Feature: Allow adding additional information to metadata on model upload
There is to my knowledge no straight forward way of retrieving additional data sent on model upload other than downloading the entire artifact and knowing the exact name of the file that it was stored in. It would be nice to be able to add additional information to the model metadata when uploading a new model in order to have direct access to any important information needed for further processing of models.

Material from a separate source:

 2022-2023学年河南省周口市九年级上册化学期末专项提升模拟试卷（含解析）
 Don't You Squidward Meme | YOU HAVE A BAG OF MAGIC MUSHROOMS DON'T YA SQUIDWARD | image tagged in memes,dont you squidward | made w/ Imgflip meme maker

This could be an optional parameter to the upload method which provides an easy way to add something to the metadata. This could accept a python dictionary and would then be placed in the metadata under a specific key such as "extra".
Use case
# Custom information that a user wants to have available as metadata when calling `get_model_info`
important_info = {
'required_columns': ["yay", "nay"],
'data_transforms': ["std", "mean"],
'training_data_marker': {
'index_column': 'some_id',
'index_value': 'some_value',
},
'replication_storage_information': {
"actual_creation_date": "2021-11-23T10:10:23",
"archived_date": "2022-1-14T12:14:23",
}
}
metadata = model_store.upload(
domain="my-domain",
state_name="archived",
model=lr_model,
extra_metadata=important_info
)
print(metadata)
>>
{
'model': {
'domain': {...},
'data': {...},
'storage': {...},
'code': {...},
'git': {...},
'extra': {
'required_columns': ["yay", "nay"],
'data_transforms': ["std", "mean"],
'training_data_marker': {
'index_column': 'some_id',
'index_value': 'some_value',
},
'replication_storage_information': {
"actual_creation_date": "2021-11-23T10:10:23",
"archived_date": "2022-1-14T12:14:23",
}
}
}
}
The extra parameter would have to be validated which could be done by checking whether the object is json serializable in the update method
if extra_metadata:
try:
json.dumps(extra_metadata)
except Exception:
raise ValueError("extra_metadata field must be json serializable")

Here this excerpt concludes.